Une analyse inédite, s’appuyant sur des campagnes d’occultations stellaires menées jusqu’en 2025, confirme que la mission DART a dépassé de loin les prévisions de la NASA.

La mission DART (Double Asteroid Redirection Test) fut le premier test de défense planétaire, menée pour dévier un astéroïde de son orbite naturelle. Lancée en 2022 par la NASA, l’agence américaine propulsa une sonde de 610 kilos à 24 000 km/h sur le flanc de Dimorphos, un petit corps céleste de 160 mètres de diamètre orbitant autour d’un plus grand, Didymos (environ 780 mètres de diamètre).

La collision a eu lieu le 26 septembre et fut un véritable succès : avant l’impact, Dimorphos tournait autour de Didymos en 11 heures et 55 minutes. La NASA considérait qu’un changement de 73 secondes serait déjà une réussite, mais l’impact a été si puissant que sa période orbitale a été réduite de 33 minutes. En revanche, ce que l’on ignorait, c’est que l’impulsion a également modifié la course héliocentrique de l’ensemble du couple d’astéroïdes. C’est une nouvelle étude publiée dans la revue Science Advances le 6 mars qui vient de nous le confirmer : l’impacteur cinétique a provoqué un effet boomerang, déplaçant le système Didymos-Dimorphos tout entier.

DART : l’uppercut cosmique

Cette modification de la trajectoire solaire du système binaire a pu être mesurée grâce à l’observation de vingt-deux occultations stellaires entre 2022 et 2025. En analysant l’extinction de la lumière d’étoiles lointaines lors du passage des astéroïdes, les chercheurs ont détecté une infime accélération de la vitesse orbitale du couple d’astéroïdes, estimée à environ 11,7 µm/s.
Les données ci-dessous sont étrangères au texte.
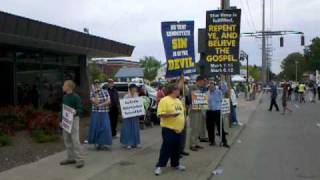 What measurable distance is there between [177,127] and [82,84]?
15982mm

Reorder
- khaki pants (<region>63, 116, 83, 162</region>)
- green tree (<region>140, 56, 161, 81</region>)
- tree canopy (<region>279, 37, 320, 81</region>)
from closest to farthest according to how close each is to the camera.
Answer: khaki pants (<region>63, 116, 83, 162</region>) < green tree (<region>140, 56, 161, 81</region>) < tree canopy (<region>279, 37, 320, 81</region>)

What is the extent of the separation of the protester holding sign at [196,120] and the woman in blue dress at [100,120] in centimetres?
193

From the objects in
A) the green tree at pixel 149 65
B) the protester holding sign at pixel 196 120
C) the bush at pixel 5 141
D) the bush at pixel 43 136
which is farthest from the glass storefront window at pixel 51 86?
the green tree at pixel 149 65

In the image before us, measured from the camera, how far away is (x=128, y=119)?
14828mm

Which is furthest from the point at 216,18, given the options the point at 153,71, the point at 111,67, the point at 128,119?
the point at 111,67

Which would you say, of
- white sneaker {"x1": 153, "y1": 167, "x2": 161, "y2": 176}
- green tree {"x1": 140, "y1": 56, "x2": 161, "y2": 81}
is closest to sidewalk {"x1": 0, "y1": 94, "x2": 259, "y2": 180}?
white sneaker {"x1": 153, "y1": 167, "x2": 161, "y2": 176}

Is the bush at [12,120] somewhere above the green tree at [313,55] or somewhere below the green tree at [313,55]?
below

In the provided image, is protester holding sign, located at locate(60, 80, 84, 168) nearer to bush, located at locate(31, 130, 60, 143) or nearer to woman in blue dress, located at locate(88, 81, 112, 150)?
woman in blue dress, located at locate(88, 81, 112, 150)

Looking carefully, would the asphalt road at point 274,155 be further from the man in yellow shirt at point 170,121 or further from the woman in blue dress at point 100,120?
the woman in blue dress at point 100,120

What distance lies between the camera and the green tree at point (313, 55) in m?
130

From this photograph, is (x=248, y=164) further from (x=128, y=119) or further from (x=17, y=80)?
(x=17, y=80)

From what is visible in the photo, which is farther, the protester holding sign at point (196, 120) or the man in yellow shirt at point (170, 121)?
the protester holding sign at point (196, 120)

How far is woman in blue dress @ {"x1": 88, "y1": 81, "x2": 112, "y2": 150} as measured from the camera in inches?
553

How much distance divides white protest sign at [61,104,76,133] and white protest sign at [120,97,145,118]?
3.03 meters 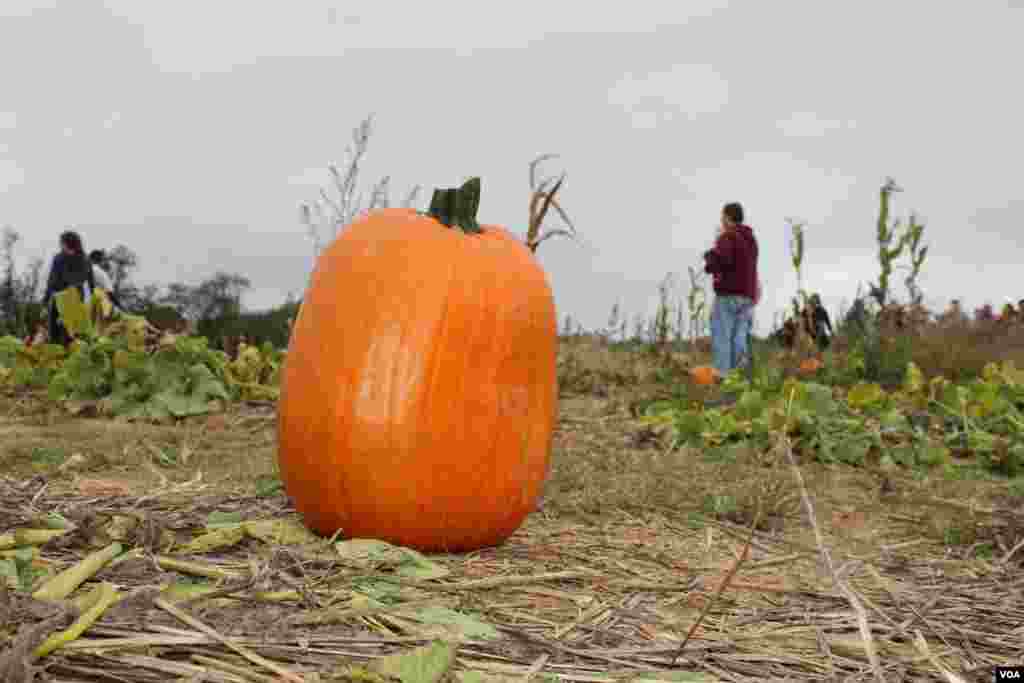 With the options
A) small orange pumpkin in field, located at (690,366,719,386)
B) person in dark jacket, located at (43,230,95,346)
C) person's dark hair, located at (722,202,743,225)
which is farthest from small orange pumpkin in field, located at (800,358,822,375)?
person in dark jacket, located at (43,230,95,346)

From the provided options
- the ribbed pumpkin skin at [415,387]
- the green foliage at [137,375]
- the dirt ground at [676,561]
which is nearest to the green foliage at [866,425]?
the dirt ground at [676,561]

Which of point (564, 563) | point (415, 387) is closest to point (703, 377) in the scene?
point (564, 563)

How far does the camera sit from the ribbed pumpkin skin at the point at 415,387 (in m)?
2.40

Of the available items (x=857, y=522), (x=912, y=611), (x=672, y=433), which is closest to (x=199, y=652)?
(x=912, y=611)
Une vitesse approximativement 100 fois inférieure à celle de la vitesse de déplacement d’un escargot, mais, mais qui, à l’échelle des mécaniques célestes, a suffi à réduire la période de révolution du système autour du Soleil de 0,15 seconde. Rahil Makadia, chercheur à l’Université de l’Illinois à Urbana-Champaign explique que « Sur la durée, un tel écart dans la course d’un astéroïde suffit à décider si un corps céleste menaçant entrera en collision avec la Terre ou s’il l’évitera ».
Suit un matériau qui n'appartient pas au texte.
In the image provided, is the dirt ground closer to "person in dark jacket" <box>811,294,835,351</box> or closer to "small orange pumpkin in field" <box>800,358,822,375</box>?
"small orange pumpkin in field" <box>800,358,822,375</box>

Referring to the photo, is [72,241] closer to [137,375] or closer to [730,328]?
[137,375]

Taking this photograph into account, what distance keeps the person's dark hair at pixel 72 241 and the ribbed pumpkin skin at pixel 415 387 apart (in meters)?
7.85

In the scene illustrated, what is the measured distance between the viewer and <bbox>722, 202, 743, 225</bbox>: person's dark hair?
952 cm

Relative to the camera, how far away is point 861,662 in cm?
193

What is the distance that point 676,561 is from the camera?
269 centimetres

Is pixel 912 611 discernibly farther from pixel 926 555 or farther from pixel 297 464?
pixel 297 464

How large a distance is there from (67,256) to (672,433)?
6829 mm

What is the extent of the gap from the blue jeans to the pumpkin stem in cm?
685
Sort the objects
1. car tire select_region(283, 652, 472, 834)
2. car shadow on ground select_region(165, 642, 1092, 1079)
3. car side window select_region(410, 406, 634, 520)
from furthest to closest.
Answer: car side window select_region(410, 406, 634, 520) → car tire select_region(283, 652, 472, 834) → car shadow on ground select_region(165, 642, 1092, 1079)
Le transfert d’énergie lors du choc a été bien plus efficace que ce que les modèles théoriques avaient prévu et s’explique par deux facteurs. Le premier, baptisé « facteur d’amplification de la quantité de mouvement », découle de la violence de l’éjection des débris. En pulvérisant la surface de Dimorphos, la sonde a projeté un panache colossal de matière (entre 1 000 et 10 000 tonnes de roche et de poussière) dans la direction opposée à la collision. Ce jet de matière a exercé une poussée de recul sur l’astéroïde qui a multiplié par deux l’efficacité du vaisseau impacteur.
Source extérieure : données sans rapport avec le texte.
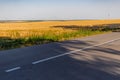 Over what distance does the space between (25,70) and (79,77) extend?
1905 mm

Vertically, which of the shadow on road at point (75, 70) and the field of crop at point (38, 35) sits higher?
the shadow on road at point (75, 70)

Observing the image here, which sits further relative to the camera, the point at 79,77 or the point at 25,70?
the point at 25,70

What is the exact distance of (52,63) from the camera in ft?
42.3

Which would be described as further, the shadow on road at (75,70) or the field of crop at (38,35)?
the field of crop at (38,35)

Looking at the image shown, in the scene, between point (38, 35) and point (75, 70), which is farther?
point (38, 35)

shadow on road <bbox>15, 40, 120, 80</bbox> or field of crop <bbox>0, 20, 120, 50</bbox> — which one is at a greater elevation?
shadow on road <bbox>15, 40, 120, 80</bbox>

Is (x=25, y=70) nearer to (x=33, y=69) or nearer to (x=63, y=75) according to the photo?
(x=33, y=69)

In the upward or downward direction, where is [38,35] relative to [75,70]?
downward

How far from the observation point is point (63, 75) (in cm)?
1021

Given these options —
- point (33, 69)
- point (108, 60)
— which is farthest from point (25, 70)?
point (108, 60)

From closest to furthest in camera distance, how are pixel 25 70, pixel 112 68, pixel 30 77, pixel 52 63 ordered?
pixel 30 77
pixel 25 70
pixel 112 68
pixel 52 63

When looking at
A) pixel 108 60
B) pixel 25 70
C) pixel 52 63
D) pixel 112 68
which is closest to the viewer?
pixel 25 70

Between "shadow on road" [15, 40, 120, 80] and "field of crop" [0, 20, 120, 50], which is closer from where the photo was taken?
"shadow on road" [15, 40, 120, 80]

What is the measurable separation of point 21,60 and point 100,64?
2983mm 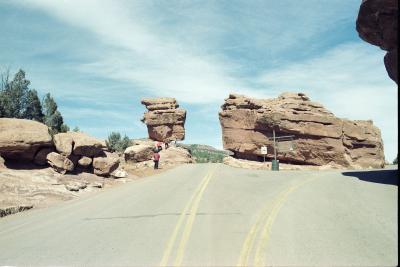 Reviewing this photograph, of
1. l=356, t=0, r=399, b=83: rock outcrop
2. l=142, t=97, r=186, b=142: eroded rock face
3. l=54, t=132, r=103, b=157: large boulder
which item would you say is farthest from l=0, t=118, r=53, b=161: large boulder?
l=142, t=97, r=186, b=142: eroded rock face

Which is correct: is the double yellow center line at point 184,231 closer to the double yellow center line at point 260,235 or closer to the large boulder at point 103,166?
the double yellow center line at point 260,235

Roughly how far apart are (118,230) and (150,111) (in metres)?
57.0

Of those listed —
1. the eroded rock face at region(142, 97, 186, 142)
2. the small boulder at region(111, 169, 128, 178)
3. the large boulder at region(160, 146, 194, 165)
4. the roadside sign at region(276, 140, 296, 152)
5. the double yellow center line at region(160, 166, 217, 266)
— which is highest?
the eroded rock face at region(142, 97, 186, 142)

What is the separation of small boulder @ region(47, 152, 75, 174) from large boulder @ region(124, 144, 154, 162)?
19.3 m

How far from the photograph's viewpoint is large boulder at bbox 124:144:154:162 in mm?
46812

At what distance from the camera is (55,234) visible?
1198 cm


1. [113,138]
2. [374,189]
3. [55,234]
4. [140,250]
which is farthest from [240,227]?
[113,138]

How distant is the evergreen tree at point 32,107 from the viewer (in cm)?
5671

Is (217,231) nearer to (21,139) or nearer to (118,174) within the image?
(21,139)

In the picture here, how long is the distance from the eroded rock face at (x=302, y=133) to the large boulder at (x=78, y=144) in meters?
29.5

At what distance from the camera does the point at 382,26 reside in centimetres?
2091

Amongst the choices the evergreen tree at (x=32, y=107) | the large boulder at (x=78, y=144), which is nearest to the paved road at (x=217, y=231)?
the large boulder at (x=78, y=144)

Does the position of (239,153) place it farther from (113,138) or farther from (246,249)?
(246,249)

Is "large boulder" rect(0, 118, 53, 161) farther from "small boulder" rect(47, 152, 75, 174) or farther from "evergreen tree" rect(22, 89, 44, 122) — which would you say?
"evergreen tree" rect(22, 89, 44, 122) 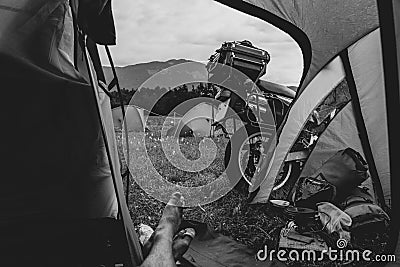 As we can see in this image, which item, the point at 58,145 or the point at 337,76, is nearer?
the point at 58,145

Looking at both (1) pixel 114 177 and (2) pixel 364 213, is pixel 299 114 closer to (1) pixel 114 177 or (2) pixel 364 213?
(2) pixel 364 213

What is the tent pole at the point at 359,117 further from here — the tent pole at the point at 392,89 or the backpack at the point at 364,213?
the tent pole at the point at 392,89

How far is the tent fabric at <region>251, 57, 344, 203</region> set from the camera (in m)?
2.29

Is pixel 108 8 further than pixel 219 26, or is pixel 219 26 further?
pixel 219 26

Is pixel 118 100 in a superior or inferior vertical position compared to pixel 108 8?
inferior

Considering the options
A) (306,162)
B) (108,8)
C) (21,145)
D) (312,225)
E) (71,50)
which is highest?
(108,8)

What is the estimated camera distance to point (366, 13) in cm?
217

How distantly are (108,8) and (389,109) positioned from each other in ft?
3.27

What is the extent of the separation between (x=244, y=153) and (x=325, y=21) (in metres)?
0.62

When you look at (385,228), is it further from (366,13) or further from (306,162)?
(366,13)

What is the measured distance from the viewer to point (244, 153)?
7.45 feet

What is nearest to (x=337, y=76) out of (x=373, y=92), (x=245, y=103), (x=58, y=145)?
(x=373, y=92)

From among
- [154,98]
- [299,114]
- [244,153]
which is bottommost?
[244,153]

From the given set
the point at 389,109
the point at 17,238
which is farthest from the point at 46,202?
the point at 389,109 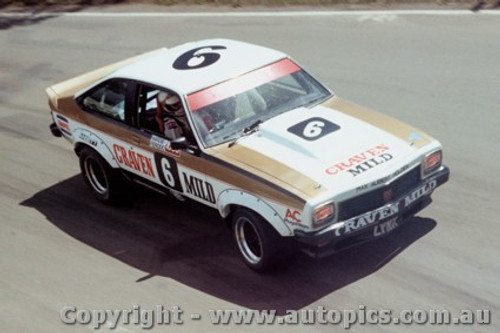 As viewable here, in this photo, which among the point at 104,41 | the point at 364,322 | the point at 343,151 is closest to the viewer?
the point at 364,322

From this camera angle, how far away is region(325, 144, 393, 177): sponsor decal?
757 centimetres

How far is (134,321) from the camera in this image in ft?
24.6

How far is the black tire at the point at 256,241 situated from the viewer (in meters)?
7.64

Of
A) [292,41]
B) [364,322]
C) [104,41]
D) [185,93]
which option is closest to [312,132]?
[185,93]

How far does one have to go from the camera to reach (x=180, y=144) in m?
8.18

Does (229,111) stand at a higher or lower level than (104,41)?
higher

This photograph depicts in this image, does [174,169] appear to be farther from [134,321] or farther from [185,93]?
[134,321]

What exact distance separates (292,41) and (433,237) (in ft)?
23.8

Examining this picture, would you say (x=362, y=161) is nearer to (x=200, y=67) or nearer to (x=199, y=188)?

Le second facteur tient à la composition de Dimorphos, qui s’apparente davantage à un agrégat de fragments rocheux qu’à un bloc solide, dont la cohésion est maintenue par une faible gravité. Ainsi, l’énergie de la sonde DART s’est dissipée vigoureusement en délogeant une masse considérable de sa matrice rocheuse. C’est en prenant en considération ces deux paramètres qu’on comprend pourquoi le baryocentre du sysème binaire d’astéroïdes a été modifié.

Dans le secteur spatial, le concept de défense planétaire est très jeune, puisqu’il a émergé dans les années 1990 aux États-Unis. C’est à ce moment-là que l’on a pris conscience de l’impuissance totale de l’humanité si la Terre devait croiser le chemin d’un petit astéroïde, ou pire, un géocroiseur. Une trentaine d’années après, le fait que le tout premier test grandeur nature soit une réussite – sous-estimée, qui plus est – confirme que nous avons théoriquement les moyens technologiques de juguler les menaces de ce type. Espérons toutefois que nous n’ayons pas à lancer une hypothétique mission « DART 2 » pour détourner un intrus qui viendrait nous rendre une petite visite, et savourons simplement ce succès. Le couple Didymos-Dimorphos, quant à lui, nous donnera de ses nouvelles plus tard cette année, lorsque la mission européenne Hera lui rendra visite. La sonde, une fois arrivée sur place analysera Dimorphos, sa masse notamment, pour vérifier si l’énergie cinétique est une technique suffisamment fiable pour que nous puissions la ranger dans notre arsenal de défense planétaire.